I have a profile in Tamil matrimony for a long time. Its been totally updated for about a year or more now and on and off I get some interest messages. Quite frankly liked one girl but never went beyond liking. Though a friend of mine did well to get me some insight on the girl later she got committted.
This particular incident and some other incidents are a culmination of this blog.
I, Nirmal and Vittal went to Pondy couple of days before vittal got his first overseas assignment and it was a treat. Driving from chennai to pondy in the night was beautiful. Half an hour into the drive Vittal popped up the ultimate question that has for sometime haunted my mind. What kind of girl do you seek? Well, I evaded it saying I have not given a thought and with marriage also seemingly away in the near future I have not really thought.

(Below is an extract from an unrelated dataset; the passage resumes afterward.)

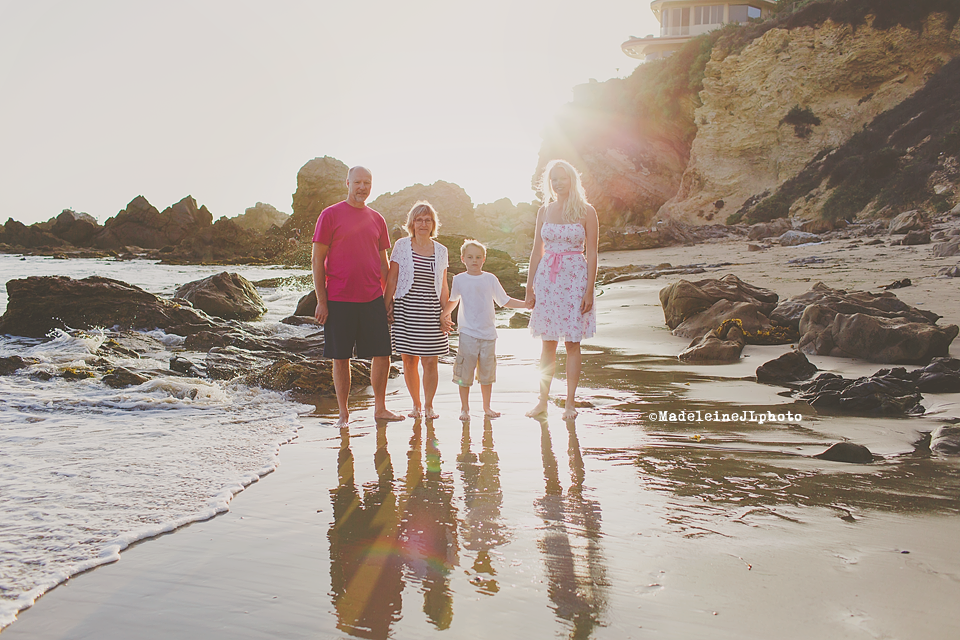 Extended family beach session Corona del Mar beach. Orange County family photographer Beach session. Orange County, los angeles, san diego, inland empire family children kids couples senior photographer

The second incident happened when I went to Bangalore to meet a prospective customer and I was free from around 9 30 and I called an old friend. We are three serious known through mutual friends n Chennai and the other two are seriously scouting for brides. In through the conversation i asked him how his search is going on and when I can expect a wedding feast from him. He was again evading and knowing very well he was going out steady with a girl I asked him what about his marrige for which he replied he is just waiting for his parents to find one and I was astounded and asked him what happ you were going steady with a girl right for which the reply was ya I was but we are not together these days, finally I came out to my car and we were smoking when he asked when are ye coming to Bangalore again machi? I said no plans but i wanna take a break may be will come sooner around May end or may be hit down north east with a kolkatta based friend. He asked me again if you come here I will introduce you to one girl and continued like you know her too and she is looking for a guy and tell me what kind of girl are you looking for???? The mention of the girl's name caught me unawares and I said I will think over. But the thought of meeting a girl whom I know for sometime for marriage was kind of confusing so I just moved on but it brought me back to some questions I am having now.
What kind of girl am i searching for? Officially except some friends of mien nobody has asked me this questions. I don't know if my mom had ever popped up this question and I have doubts if she might also ask it too(Parents think always they do the best for their children) and for long I have been travelling enough in the recent days to think of this question. I don't know what am seeking but i have tried my best to answer myself this.
WHY SHOULD I BE MARRIED?
I frankly don't know. I really have no thought about it. But there are certain small small things that I have now.
- The primary thing that am more serious about is am not gonna marry anyone from other than cities. So Chennai, Salem, Coimbatore, Madurai(am not much interested in this place though), Trichy and Salem only.
- Secondly I would be happy to have a wife who is atleast willing to play some role in my business life in the future. Not that am averse to her working but I would be happy to have my wife part of my business.
- Someone who knows the intricacies of business is better. Someone who should understand that I have a responsibility to feed some families on first day of the month before mine. Many a times my priority comes last.
- She should be ready to adopt. I wanna adopt one kid. This is the main condition and there will be no change on this and am much particular about the ADOPTION.
These are the things that come to my mind as of now. I have lot of thoughts but they are not correlated to put forth in blog now. But something to start with.....
(Contd....)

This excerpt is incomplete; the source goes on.